Many think, however, that God micromanages the universe, and is therefore responsible for every-day tiny details, such as thinning your hair and clogging your shower drain (cf. Matt 10:30).  They will imbue with religious significance even the most banal events in the most insignificant pedestrian day.  Hair loss, however, is a perfectly natural occurrence—your thinning hair is likely due to genetics or perhaps a diet deficiency.  The truth is we live in a dangerous universe and are subject to any number of debilitating diseases.  The state of our health depends on our genetics, our physical condition, our diet, the quality of our medical care, and, unfortunately, on our ability to pay for medical services.  "Mother Nature" is the more likely cause of your suffering—another is the lack of progressive health and human welfare programs in your community, for which our political leaders share the heaviest load of blame.  

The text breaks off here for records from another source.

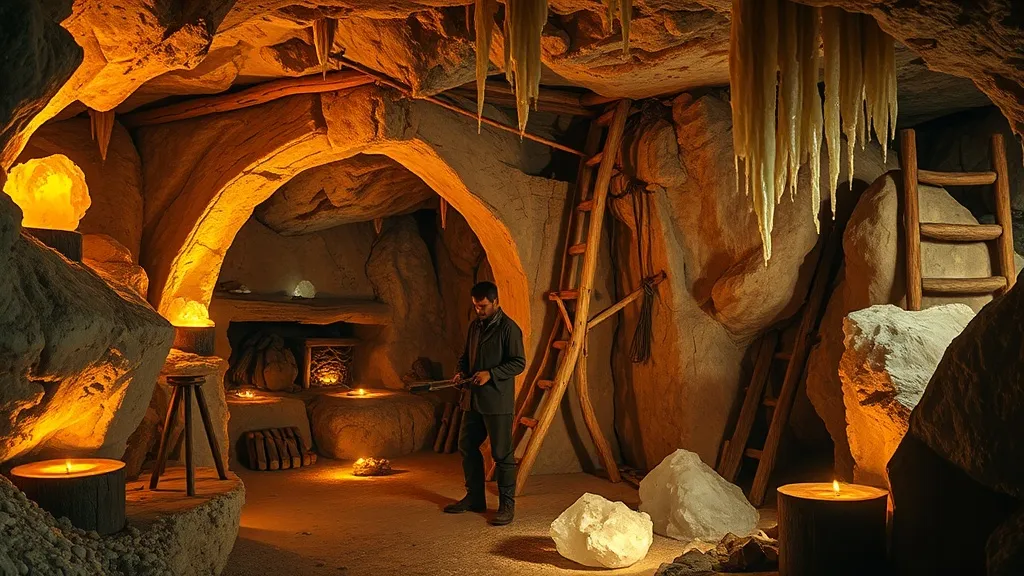 Dream symbol: salt mine: scenarios: Dream of Ancient Salt Mines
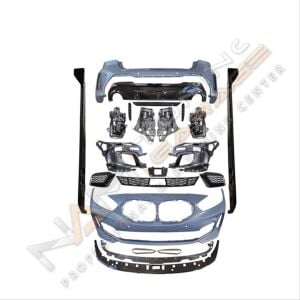 BMW F40 1 SERİSİ İÇİN 1.35 GÖRÜNÜM BODY KIT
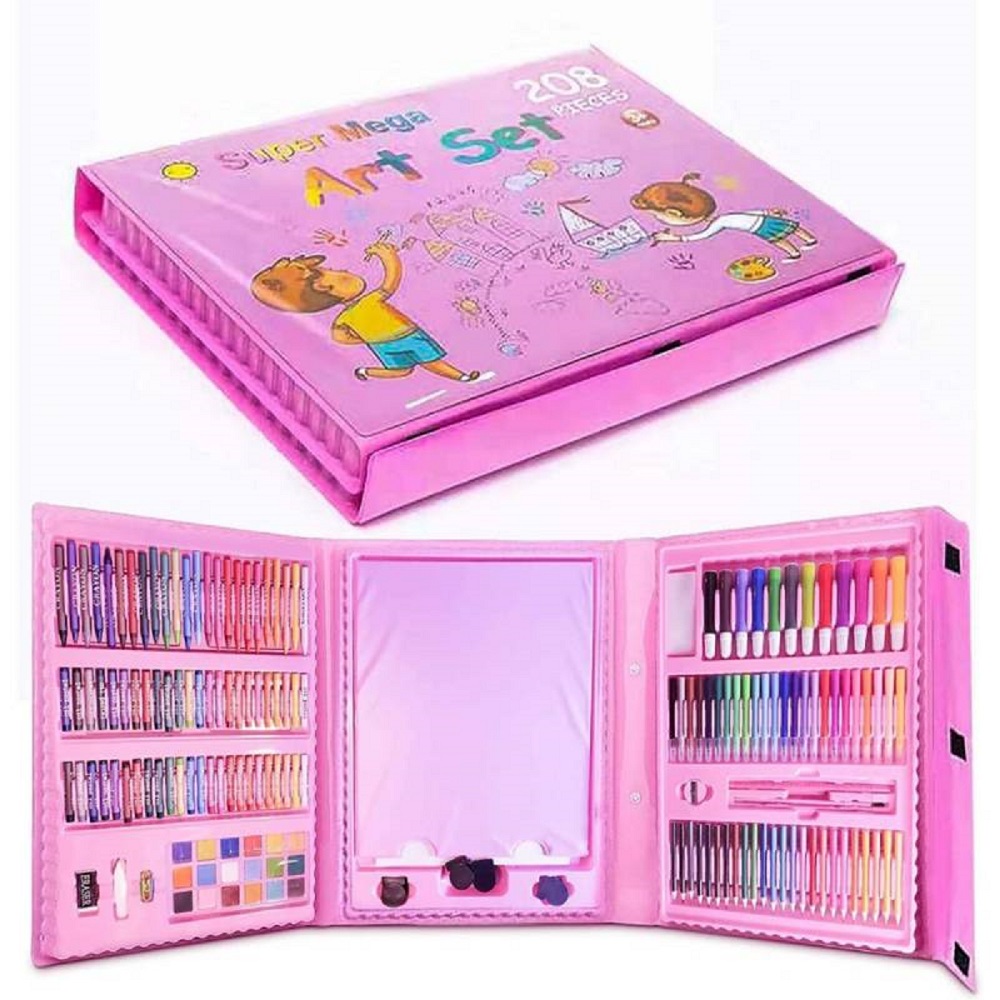 Drawing Art Set Painting For Kids Box Artist -208 Pcs 3521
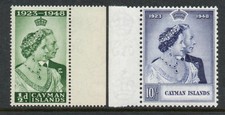 Cayman islands 1948 - islands, royal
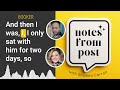 Notes From Post ep 103: Creativity Under Pressure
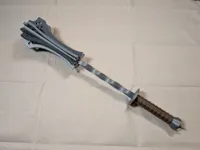 Mace_Medieval_Twisted_Haft_Display_Version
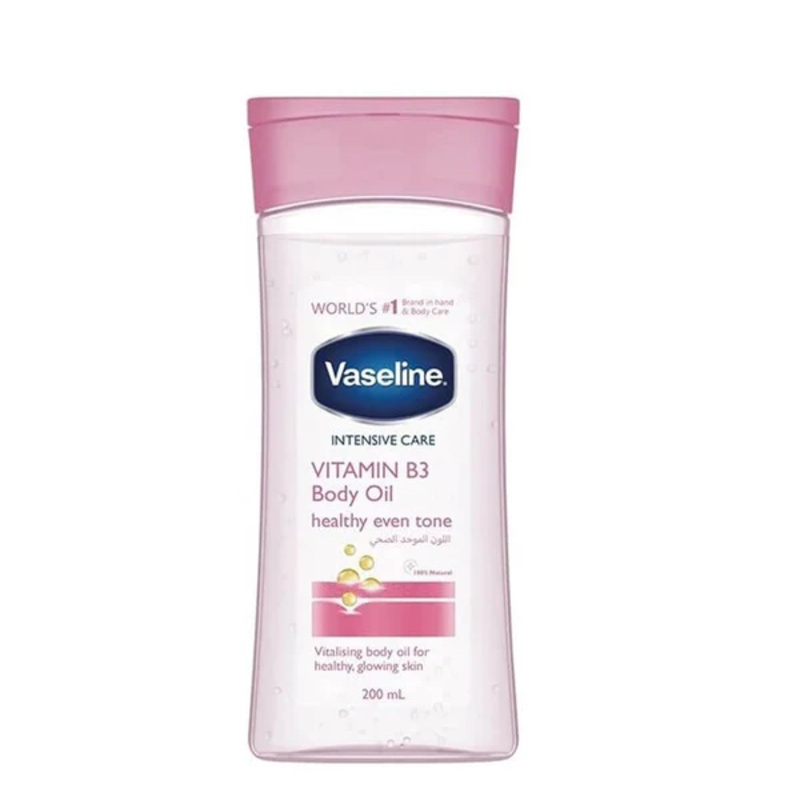 Vaseline – Healthy Even Tone Intensive Care Vitamin B3 Body Oil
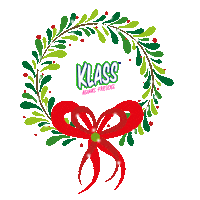 Merry Christmas Sticker by Klass Aguas Frescas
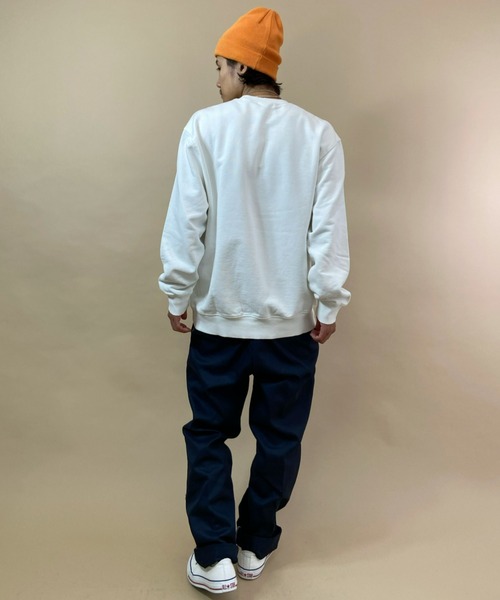 Carhartt（カーハート）の「Carhartt WIP/カーハートダブリューアイピー ルーズシルエット　ポケットトレーナー I027681（スウェット・メンズ・ホワイト/ブラック/ブラウン・M/XL/L）」の13枚目の写真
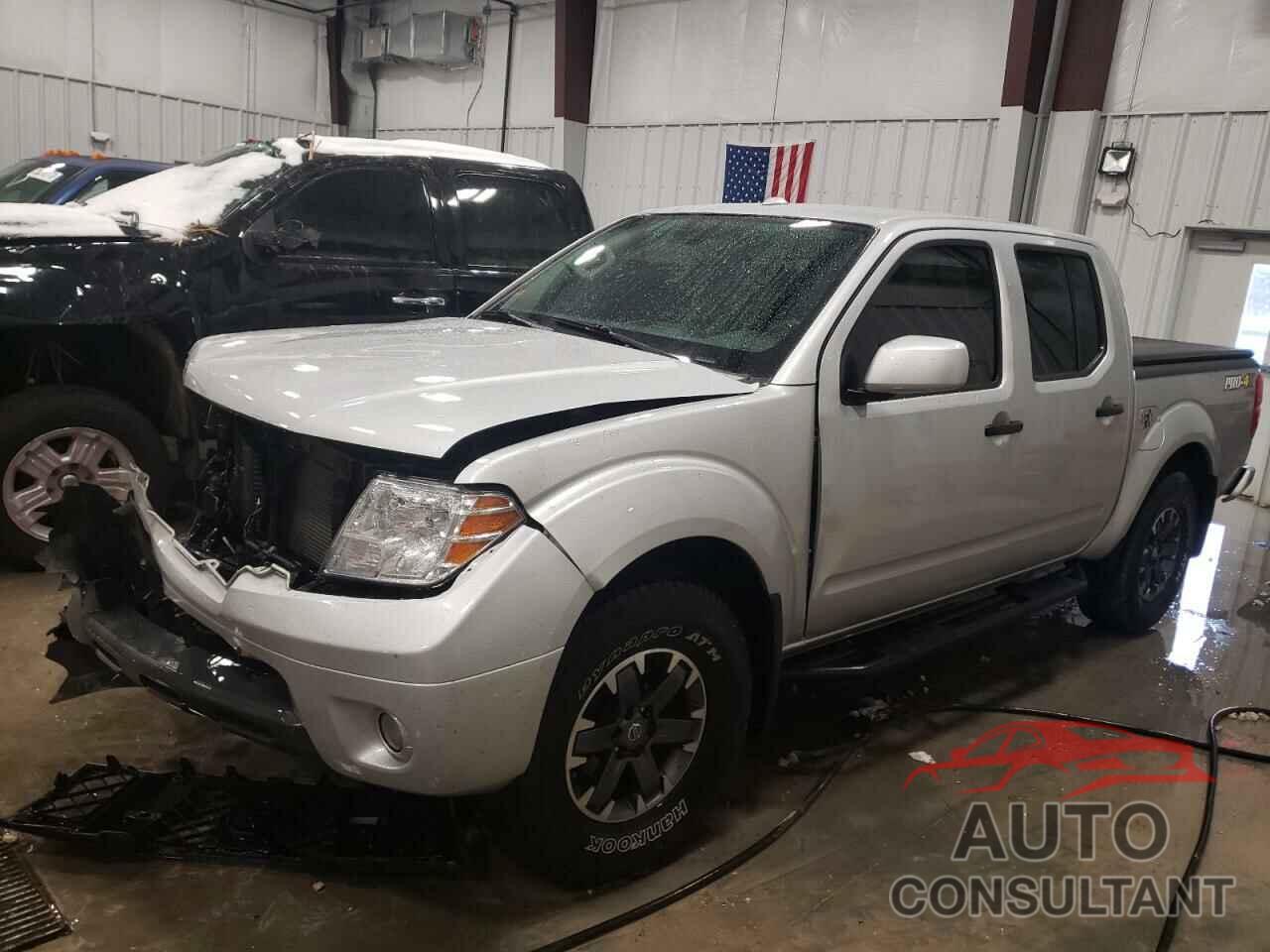 NISSAN FRONTIER 2018 - 1N6AD0EV1JN758508
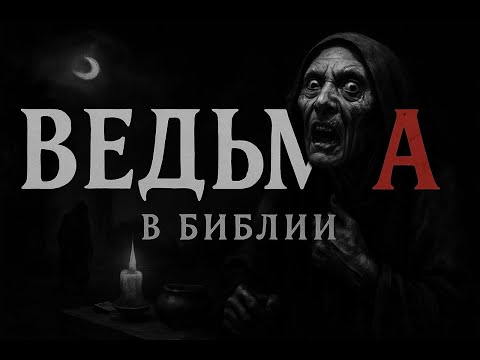 Библия и Некромантия - как ведьма вызвала мёртвого пророка и расчистила дорогу к трону #библия #тора
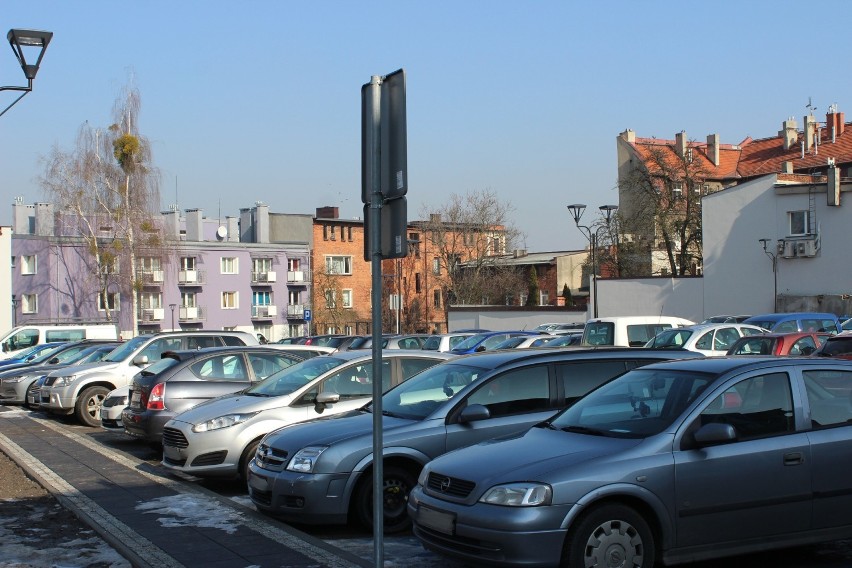 Parking po Tarmilo w Tarnowskich Górach czekają zmiany....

            People who suffer do not turn to God for help with their physical pain.  Physicians do the better job of helping us manage our physical pain.  God, on the other hand, perhaps does better with helping us manage our mental and emotional suffering—although some illnesses in this area require medication and God is reduced to playing a supportive role.  Many testify that faith in God brings spiritual comfort and emotional peace in their suffering.  Such faith in many ways is a spiritual elixir bringing palliative psychological and emotional comfort to the sufferer.  Such "spiritual therapy" cannot be measured in a test tube, but for believers what it produces is just as real as aspirin for a headache.
            The "why me?" question, however, completely stumps true believers, even though they may find spiritual strength to bear the indignities of severe disease.  The answer of the author of Job is surprising: people suffer and there is no theoretical explanation.  In the prose epilogue God chides Job's three friends for not telling the truth about God with their orthodox answers (Job 42:7-9), but God commended Job for "speaking of me what is right" (Job 42:7).  Job never learned why he was suffering, but he refused to accept the easy orthodox counsel of his friends.  The only thing of which he seemed sure was that God was not punishing him because of his sins.
What should be said about other reasons given by religious people for their suffering—testing, discipline, personal growth toward spiritual maturity etc.?  These answers raise the question: what kind of God, do you suppose, would do such unconscionable things to people in the name of improving them?  As Job said to Zophar: "Your maxims are proverbs of ashes" (Job 13:12)—or as we might say: "your truths are bywords of baloney."